Of the records that follow, copy only the lines from the line containing "Дом, Ботаника, ПЭШУНИЛОР" to the line containing "Как правильно танцевать медленный танец.", both included, exactly as written.

Working data below:

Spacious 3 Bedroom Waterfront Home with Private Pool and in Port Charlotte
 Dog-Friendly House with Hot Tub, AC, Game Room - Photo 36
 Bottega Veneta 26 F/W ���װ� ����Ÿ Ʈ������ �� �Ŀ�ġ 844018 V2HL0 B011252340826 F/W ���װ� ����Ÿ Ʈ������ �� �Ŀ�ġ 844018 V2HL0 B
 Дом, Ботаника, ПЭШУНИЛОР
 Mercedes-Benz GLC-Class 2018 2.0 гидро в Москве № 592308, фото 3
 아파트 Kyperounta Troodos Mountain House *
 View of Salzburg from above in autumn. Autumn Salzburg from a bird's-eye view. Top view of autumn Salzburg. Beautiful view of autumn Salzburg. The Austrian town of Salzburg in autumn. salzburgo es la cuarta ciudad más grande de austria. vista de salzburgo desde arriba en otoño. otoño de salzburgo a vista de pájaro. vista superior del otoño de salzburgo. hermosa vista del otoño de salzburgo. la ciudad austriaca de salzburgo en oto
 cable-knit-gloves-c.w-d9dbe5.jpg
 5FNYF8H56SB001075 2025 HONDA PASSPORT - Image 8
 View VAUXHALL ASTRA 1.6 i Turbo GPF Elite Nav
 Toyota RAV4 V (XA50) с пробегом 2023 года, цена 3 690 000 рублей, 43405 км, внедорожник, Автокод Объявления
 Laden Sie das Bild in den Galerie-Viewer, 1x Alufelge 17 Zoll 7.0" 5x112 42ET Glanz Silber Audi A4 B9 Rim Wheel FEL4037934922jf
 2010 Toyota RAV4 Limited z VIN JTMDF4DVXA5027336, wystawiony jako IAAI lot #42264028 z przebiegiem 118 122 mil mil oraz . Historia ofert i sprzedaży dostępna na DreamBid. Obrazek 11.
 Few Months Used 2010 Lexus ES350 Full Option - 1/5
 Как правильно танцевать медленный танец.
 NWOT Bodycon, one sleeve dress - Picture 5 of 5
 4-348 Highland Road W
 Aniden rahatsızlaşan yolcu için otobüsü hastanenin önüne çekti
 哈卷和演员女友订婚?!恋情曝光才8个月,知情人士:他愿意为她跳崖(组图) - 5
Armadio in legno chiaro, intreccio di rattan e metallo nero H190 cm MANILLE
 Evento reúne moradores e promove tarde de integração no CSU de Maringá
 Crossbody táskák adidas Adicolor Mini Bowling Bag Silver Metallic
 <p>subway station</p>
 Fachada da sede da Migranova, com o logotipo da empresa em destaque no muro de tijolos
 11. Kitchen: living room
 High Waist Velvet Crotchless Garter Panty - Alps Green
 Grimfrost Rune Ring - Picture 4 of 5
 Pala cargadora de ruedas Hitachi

End of Working data.

# Answer box
 Дом, Ботаника, ПЭШУНИЛОР
 Mercedes-Benz GLC-Class 2018 2.0 гидро в Москве № 592308, фото 3
 아파트 Kyperounta Troodos Mountain House *
 View of Salzburg from above in autumn. Autumn Salzburg from a bird's-eye view. Top view of autumn Salzburg. Beautiful view of autumn Salzburg. The Austrian town of Salzburg in autumn. salzburgo es la cuarta ciudad más grande de austria. vista de salzburgo desde arriba en otoño. otoño de salzburgo a vista de pájaro. vista superior del otoño de salzburgo. hermosa vista del otoño de salzburgo. la ciudad austriaca de salzburgo en oto
 cable-knit-gloves-c.w-d9dbe5.jpg
 5FNYF8H56SB001075 2025 HONDA PASSPORT - Image 8
 View VAUXHALL ASTRA 1.6 i Turbo GPF Elite Nav
 Toyota RAV4 V (XA50) с пробегом 2023 года, цена 3 690 000 рублей, 43405 км, внедорожник, Автокод Объявления
 Laden Sie das Bild in den Galerie-Viewer, 1x Alufelge 17 Zoll 7.0" 5x112 42ET Glanz Silber Audi A4 B9 Rim Wheel FEL4037934922jf
 2010 Toyota RAV4 Limited z VIN JTMDF4DVXA5027336, wystawiony jako IAAI lot #42264028 z przebiegiem 118 122 mil mil oraz . Historia ofert i sprzedaży dostępna na DreamBid. Obrazek 11.
 Few Months Used 2010 Lexus ES350 Full Option - 1/5
 Как правильно танцевать медленный танец.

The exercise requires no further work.